Pour Renaud Girard, il faut toujours rechercher et accepter le dialogue avec les autres acteurs politiques sans avoir de préjugés ou d’idées préconçues sur eux, même si nous sommes en opposition avec eux sur des sujets majeurs, même s’ils ne partagent pas nos valeurs démocratiques et ne respectent pas les Droits de l’Homme. Si l’on n’est pas prêt à entrer en guerre, alors il faut chercher le dialogue et la résolution diplomatique jusqu’au bout.

Ce fut ainsi une erreur que de fermer l’ambassade de France en Syrie en 2012, pariant que le régime s’effondrerait bientôt.
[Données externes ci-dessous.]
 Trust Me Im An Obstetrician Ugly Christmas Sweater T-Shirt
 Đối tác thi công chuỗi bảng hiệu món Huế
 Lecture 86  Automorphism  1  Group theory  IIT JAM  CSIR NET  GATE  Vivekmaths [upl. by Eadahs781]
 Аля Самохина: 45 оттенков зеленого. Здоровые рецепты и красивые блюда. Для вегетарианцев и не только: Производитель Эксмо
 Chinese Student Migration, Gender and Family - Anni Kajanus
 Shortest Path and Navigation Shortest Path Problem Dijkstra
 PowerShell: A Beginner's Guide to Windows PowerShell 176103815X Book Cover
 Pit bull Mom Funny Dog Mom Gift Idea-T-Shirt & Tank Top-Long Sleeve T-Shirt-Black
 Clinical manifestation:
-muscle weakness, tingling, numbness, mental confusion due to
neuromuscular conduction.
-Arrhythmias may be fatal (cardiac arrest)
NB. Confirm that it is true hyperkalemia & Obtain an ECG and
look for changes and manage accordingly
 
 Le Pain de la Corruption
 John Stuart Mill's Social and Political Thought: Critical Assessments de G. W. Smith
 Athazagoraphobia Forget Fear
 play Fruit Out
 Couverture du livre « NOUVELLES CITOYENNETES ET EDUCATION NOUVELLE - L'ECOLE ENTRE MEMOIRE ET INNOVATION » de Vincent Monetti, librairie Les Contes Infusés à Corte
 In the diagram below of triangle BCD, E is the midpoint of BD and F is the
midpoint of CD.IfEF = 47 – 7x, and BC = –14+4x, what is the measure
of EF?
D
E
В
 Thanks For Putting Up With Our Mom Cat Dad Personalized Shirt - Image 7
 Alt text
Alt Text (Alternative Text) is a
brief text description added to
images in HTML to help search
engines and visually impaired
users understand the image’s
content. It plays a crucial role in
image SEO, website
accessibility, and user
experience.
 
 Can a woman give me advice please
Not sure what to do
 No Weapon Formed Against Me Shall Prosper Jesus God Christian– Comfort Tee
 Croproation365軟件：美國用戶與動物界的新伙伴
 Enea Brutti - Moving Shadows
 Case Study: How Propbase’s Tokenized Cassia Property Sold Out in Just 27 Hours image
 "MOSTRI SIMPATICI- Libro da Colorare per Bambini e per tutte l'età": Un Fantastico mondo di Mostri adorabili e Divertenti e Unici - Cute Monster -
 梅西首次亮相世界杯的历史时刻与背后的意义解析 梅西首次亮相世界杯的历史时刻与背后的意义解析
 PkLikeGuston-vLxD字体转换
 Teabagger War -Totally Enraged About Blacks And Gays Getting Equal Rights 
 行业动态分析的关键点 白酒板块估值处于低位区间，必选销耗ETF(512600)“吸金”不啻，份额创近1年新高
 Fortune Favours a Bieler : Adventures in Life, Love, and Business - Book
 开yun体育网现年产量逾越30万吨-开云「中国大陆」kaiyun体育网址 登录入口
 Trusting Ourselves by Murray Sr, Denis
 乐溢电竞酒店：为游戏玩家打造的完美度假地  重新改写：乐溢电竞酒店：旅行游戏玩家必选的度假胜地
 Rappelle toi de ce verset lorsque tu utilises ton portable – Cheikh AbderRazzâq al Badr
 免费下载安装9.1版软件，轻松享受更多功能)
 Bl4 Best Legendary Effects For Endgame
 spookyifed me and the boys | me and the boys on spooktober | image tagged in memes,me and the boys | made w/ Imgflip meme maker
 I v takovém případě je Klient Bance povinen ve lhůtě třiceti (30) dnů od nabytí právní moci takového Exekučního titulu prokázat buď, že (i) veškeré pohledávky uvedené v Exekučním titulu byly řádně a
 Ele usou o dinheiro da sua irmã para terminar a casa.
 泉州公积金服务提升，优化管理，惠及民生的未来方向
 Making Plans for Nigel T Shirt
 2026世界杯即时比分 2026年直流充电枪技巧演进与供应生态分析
Or, ce pari a été perdant. Nous avons fermé la porte du dialogue à un acteur pourtant incontournable, seul à bénéficier de structures étatiques, et négligé le solide ancrage du régime de Bachar El-Assad auprès d’une partie importante de la population syrienne. Nous nous sommes privés d’une source de dialogue et de renseignements qui nous serait aujourd’hui précieuse, à la fois pour tenter de résoudre le conflit et pour lutter contre le terrorisme tout en bénéficiant de plus d’informations sur les djihadistes français qui opèrent en Syrie.

De même, en Afghanistan, le fait que le docteur Najbullah ait été un agent du KGB et le responsable des services de renseignement afghans pro-soviétiques n’aurait pas du nous
empêcher de traiter avec lui. En 2000 nous aurions du accepter de traiter avec le Mollah Omar, chef des Talibans, et de lui fournir l’aide alimentaire et humanitaire qu’il sollicitait (tout en octroyant une aide militaire à son adversaire Massoud dans le même temps, ce que nous n’avons pas fait non plus) en échange de la livraison de Ben Laden, de la protection des statues bouddhistes et de la lutte contre la culture de pavot.

En Libye, nous refusons d’appuyer le gouvernement de Tripoli, sous prétexte qu’il n’est pas reconnu comme légitime par la communauté international et parce qu’il est tenu en main par des islamistes. Pourtant, nous avons besoin de l’aide d’un Gouvernement de Tripoli pour contrer les islamistes beaucoup plus radicaux de DAESH.

Au contraire, dialoguer sans préjugés a été le choix de Barack Obama à l’égard de l’Iran, ce qui a débouché sur l’Iran deal et permis à l’éviter l’obtention de l’arme atomique par l’Iran ainsi que de réintégrer dans le jeu diplomatique occidental cette importante puissance régionale, qui lutte avec les occidentaux contre DAESH.

Alors que les pétromonarchies sunnites du Golfe (Arabie Saoudite, Qatar, Emirats, Koweit) et l’Iran chiite sont opposés, il ne faut se couper d’aucun des deux camps. Au contraire, l’impératif est de dialoguer avec les deux camps et chercher à les rapprocher, quelles que soient la situation de la démocratie ou des Droits de l’Homme dans ces pays.

De même, si les accords d’Oslo ont pu être conclus, c’est parce que Rabin a accepté la dialogue avec Arafat, et ce en dépit des nombreuses actions violentes commises contre des civils israéliens sur l’ordre du leader de l’OLP.